Great start to a new week.

I had a great start to the new week. The boys have been doing a great job helping around the house. Since, my house is on the market- the cleaning is more important than ever. So, I got the boys a new chore chart thingy- and they are doing a great job. That allowed me the time to work out this morning before church. I hope to be able to maintain that momentum. It is sometimes hard to balance doing fun things for summer and a normal exercise routine. I haven't been to the gym lately but it is hard to take all 3 since they don't allow kids under the age of 12 on the equip. Well, hopefully I can figure out something that works for the summer.

Thursday, June 4, 2009

Fighting myself and losing.

With the start of summer, I have not done well with exercising and then in tow my eating. And even though I know I can do better, I can't always regain my focus. And its frustrating. I have gained and lost the same 2-3lbs for like 2 weeks now. I have worked a majority of last few days and it is hard getting used to the change. Flipping from days to nights and back again is difficult. And when I work some many days in a row, it is hard to motivate myself to exercise. Next 2 weeks I don't work as many days, so hopefully I can get on the right track. But I got to go exercise now.

Thursday, May 28, 2009

Well . . . .

Well . . . . . I did a lot better yesterday UNTIL the boys and I went out to dinner to celebrate the last day of school. I suppose I could of done worse. I am updating my blogs while the boys are doing homework, then I am going to exercise and hopefully stay on track for the WHOLE day.

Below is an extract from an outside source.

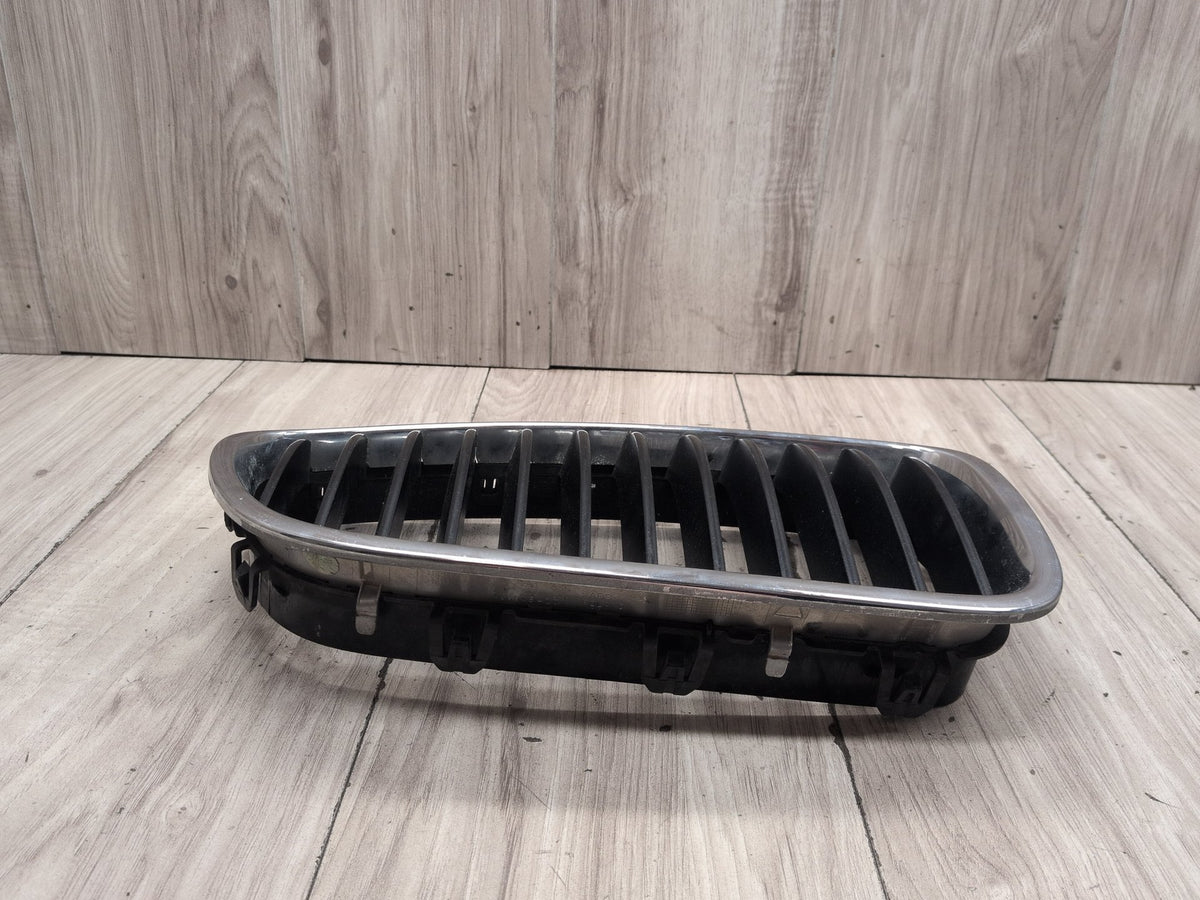 2011-2016 BMW M5 F10 Front Right Passenger Upper Bumper Cover Kidney Grille OEM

Got lots planned for the day and better get on the stick!

Tuesday, May 26, 2009

Balance

Balance is a tricky thing to achieve. I have noticed more and more that I can't seem to find the right balance. IE the right amount of sleep, amount of exercise, and food. I don't have too much control on the sleep thing with working nights and all. But sometimes I can sleep but my mind will just not shut off. And there are times that I need to get stuff done but can't seem to get out of bed. I also will push myself exercising too hard and then not being able to walk the next day. I am getting too old ;). And I do the same thing with eating. Really watch myself and then I am STARVED! And it stinks. Because the only thing that is keeping me from my goals is myself. So, I am going to try to find some balance.